If you want to reporoduce this yourself, suffle along actual_src_poses and actual_cur_poses from the DepthModel's forward to build_cost_volume. Then put this at line 676:

            actual_cur_poses_B44 = actual_cur_poses.expand(num_src_frames, 4, 4)
            actual_cur_extrinsics_B44 = torch.inverse(actual_cur_poses_B44)
            abs_world_points_B4N = actual_cur_poses_B44 @ world_points_B4N

            actual_src_poses_B44 = tensor_bM_to_B(actual_src_poses)
            actual_src_extrinsics_B44 = torch.inverse(actual_src_poses_B44)
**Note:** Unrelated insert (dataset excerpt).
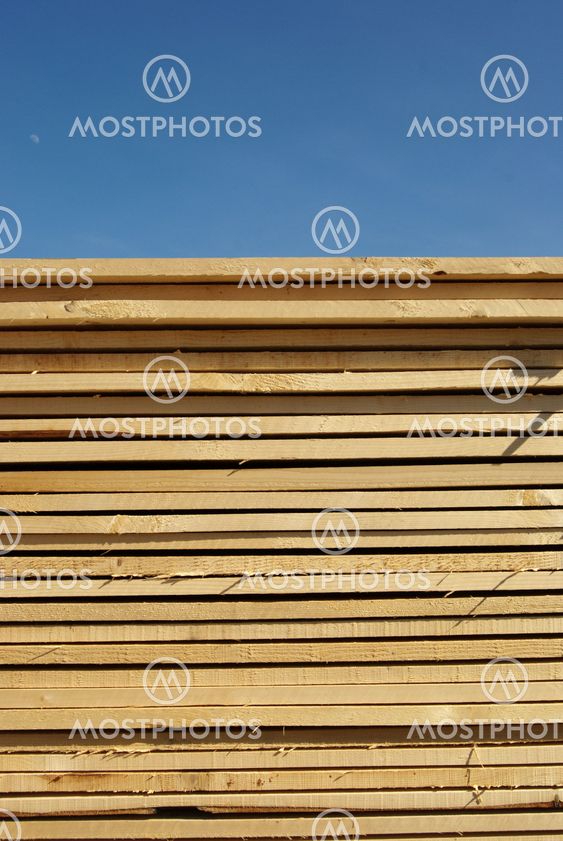 Plank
            naive_world_src_points_rays_B3N = get_camera_rays(
                                    actual_src_poses_B44,
                                    abs_world_points_B4N[:,:3,:],
                                    in_camera_frame=False
                                )

            naive_src_points_rays_B3N = actual_cur_extrinsics_B44[:,:3,:3] @ naive_world_src_points_rays_B3N

            naive_src_points_rays_B3hw = naive_src_points_rays_B3N.view(-1, 
                                                    3, 
                                                    self.matching_height, 
                                                    self.matching_width,
                                                )
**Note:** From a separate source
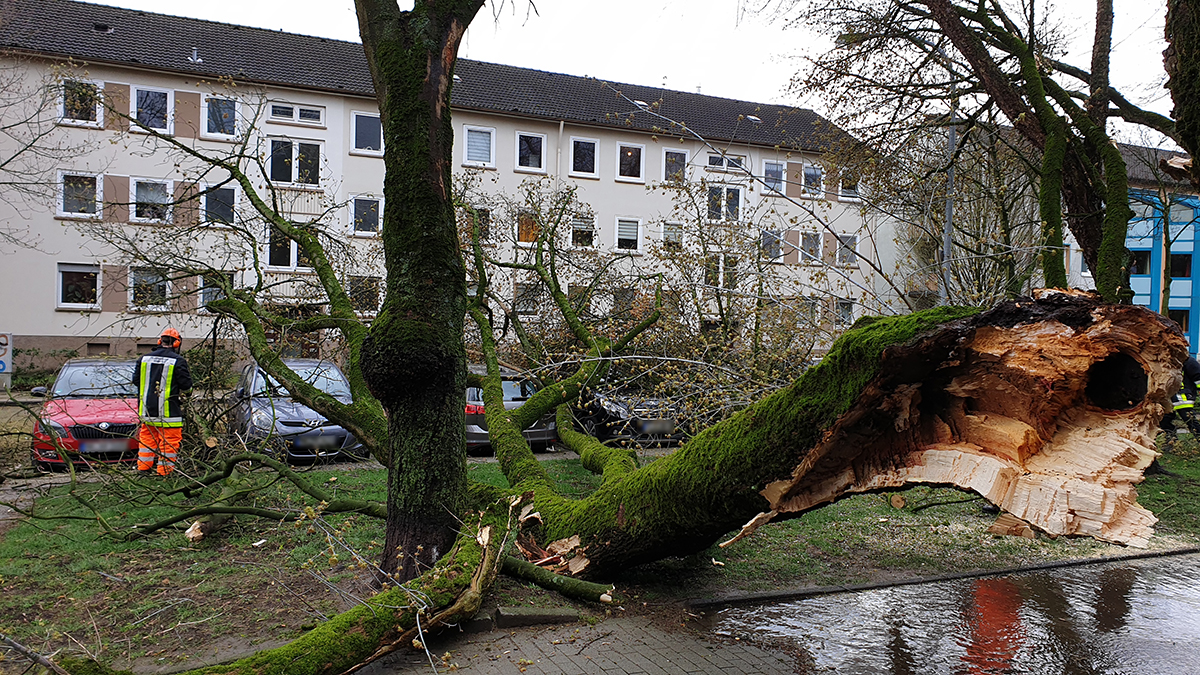 Landtag Nrw Architektur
We can further verify the rays are correct by verifying the angles between rays are the same in both the absolute world coordinate system and the current camera coordinate system:

# transfer rays over to the world from the coordinate frame of the current camera
abs_world_cur_rays_B3N = actual_cur_poses_B44[:,:3,:3] @ cur_points_rays_B3N
# compute angles in absolute world coordinate system
world_angles = F.cosine_similarity(
                        abs_world_cur_rays_B3N, 
                        naive_world_src_points_rays_B3N, 
                        dim=1, 
                        eps=1e-5
                    )
tensor([[ 0.8830,  0.8819,  0.8809,  ...,  0.9618,  0.9625,  0.9633],
        [ 0.8325,  0.8306,  0.8288,  ...,  0.9489,  0.9498,  0.9507],
        [ 0.7592,  0.7565,  0.7538,  ...,  0.9256,  0.9266,  0.9276],
        ...,
        [ 0.3736,  0.3697,  0.3659,  ...,  0.8522,  0.8538,  0.8553],
        [ 0.1498,  0.1472,  0.1448,  ...,  0.8292,  0.8310,  0.8328],
        [-0.0326, -0.0333, -0.0338,  ...,  0.8114,  0.8135,  0.8155]],
       device='cuda:0')

# this is the same as when we compute the angles as in the code where all the rays are in the current camera coordinate system.
rel_angles = F.cosine_similarity(
                                            cur_points_rays_B3N, 
                                            src_points_rays_B3N, 
                                            dim=1, 
                                            eps=1e-5
                                        )
tensor([[ 0.8830,  0.8819,  0.8809,  ...,  0.9618,  0.9625,  0.9633],
        [ 0.8325,  0.8306,  0.8288,  ...,  0.9489,  0.9498,  0.9507],
        [ 0.7592,  0.7565,  0.7538,  ...,  0.9256,  0.9266,  0.9276],
        ...,
        [ 0.3736,  0.3697,  0.3659,  ...,  0.8522,  0.8538,  0.8553],
        [ 0.1498,  0.1472,  0.1448,  ...,  0.8292,  0.8310,  0.8328],
        [-0.0326, -0.0333, -0.0338,  ...,  0.8114,  0.8135,  0.8155]],
       device='cuda:0')

# verify with diff
torch.abs(sanity1 - sanity2).mean()
tensor(5.7547e-07, device='cuda:0') # well within tolerance

I hope this answers your question and clears up any confusion.